Larb is a Southeast Asian minced meat salad with many spellings (larb, laab, larp, laap, lahb, lob, lop, and the list goes on) and a few variants (Isan or Lanna, from Laos or Thailand). But when most people speak about larb, they refer to it fondly as a dish that takes them back to the streets of Thailand, or at least their favorite Thai restaurant. Although the dish is straightforward, it is far from simplistic. As chef Louis Tikaram of E.P. & L.P. explains, there could be close to 30 ingredients in one plate.

Click the hotspots below to learn more about the ingredients tossed into larb.

More About Larb

Regional Cuisine

Thai cuisine is "insanely diverse." Thailand breaks up into four different regions: central, southern, northern, and northeastern (Isan), each with different languages, food traditions and ingredients emerging from different environments. Bangkok is located in the central region, where the cuisine is characterized by curries and Chinese influence.

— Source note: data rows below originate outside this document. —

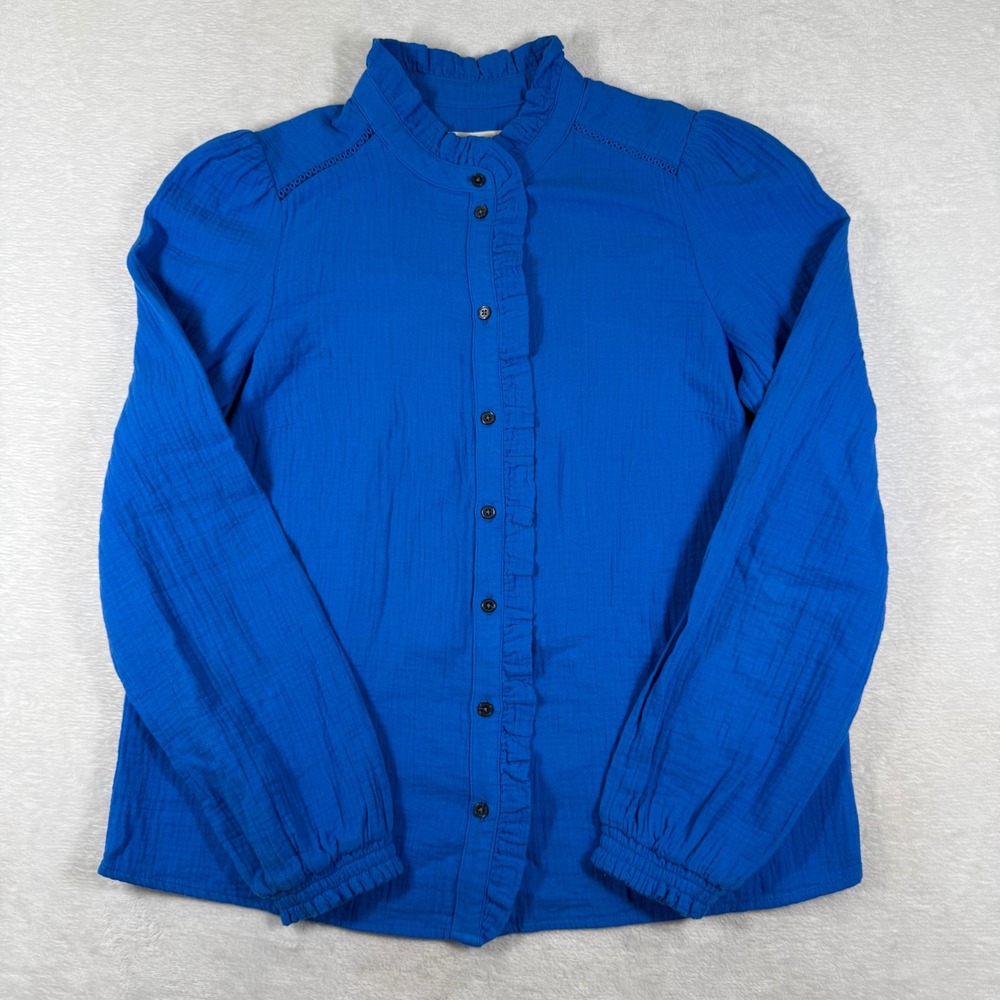 Boden Helena Cobalt Blue Double Cotton Ruffle Button Blouse Womens US 6 T1902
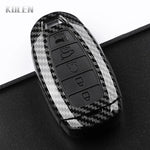 ABS Carbon Fiber Style Car Key Case Cover For Hyundai i30 ix25 Elantra KONA Solaris Azera Grandeur TM Accent Santa Fe Keychain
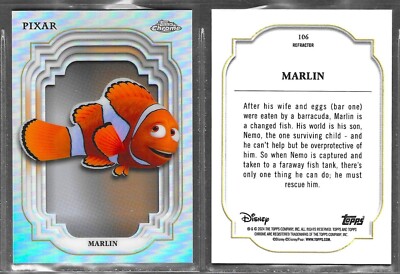 Topps Chrome Disney 2024 #106 Marlin Findet Nemo Refractor Karte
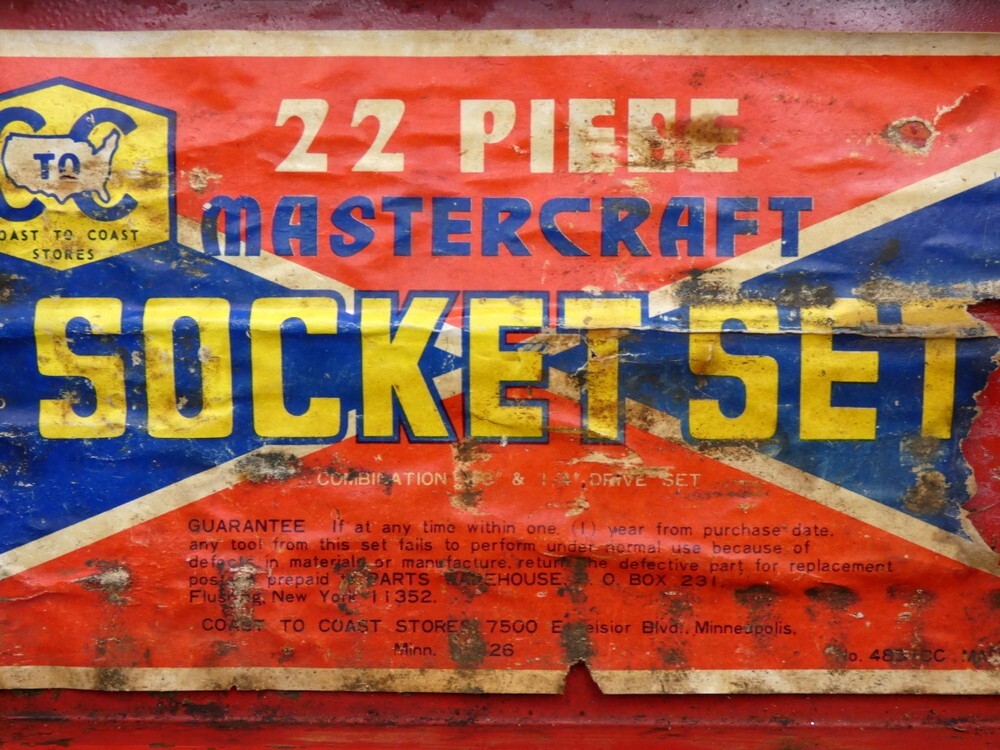 Vintage Mastercraft Coast to Coast Wrench and Socket Set Tool Box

This is the type of food most familiar to westerners (though this is changing, especially in Los Angeles). Southern dishes are the spiciest and typically include coconut milk and seafood. Northern cuisine is characterized by herby, brothy, boiled (or fried) pork. Northeastern dishes tend to be heavier on lime, such as the green papaya salad som tum. The origin of laap, a dish in the same family as larb but including raw meat and blood, is debatable, as people from both northern and northeastern Thailand claim the dish. 

Isaan

Larb is said to have originated in Laos but today, the dish is regional to Laos and Isaan (or Isan), the northeastern region of Thailand bordering Laos and Cambodia. The largest region of Thailand is where most of the nation's rice is grown and has a rich Khmer era history going back at least 5,000 years. Although it's the area least frequented by tourists, Isaan is known for it's specific regional cuisine and, unfortunately, for its underdevelopment and civil unrest.

Digital Street Food

In an effort to attract more tourists to northeastern Thailand, the Thai government created a mobile app to help visitors find street food stalls and restaurants by name, type of food desired or location.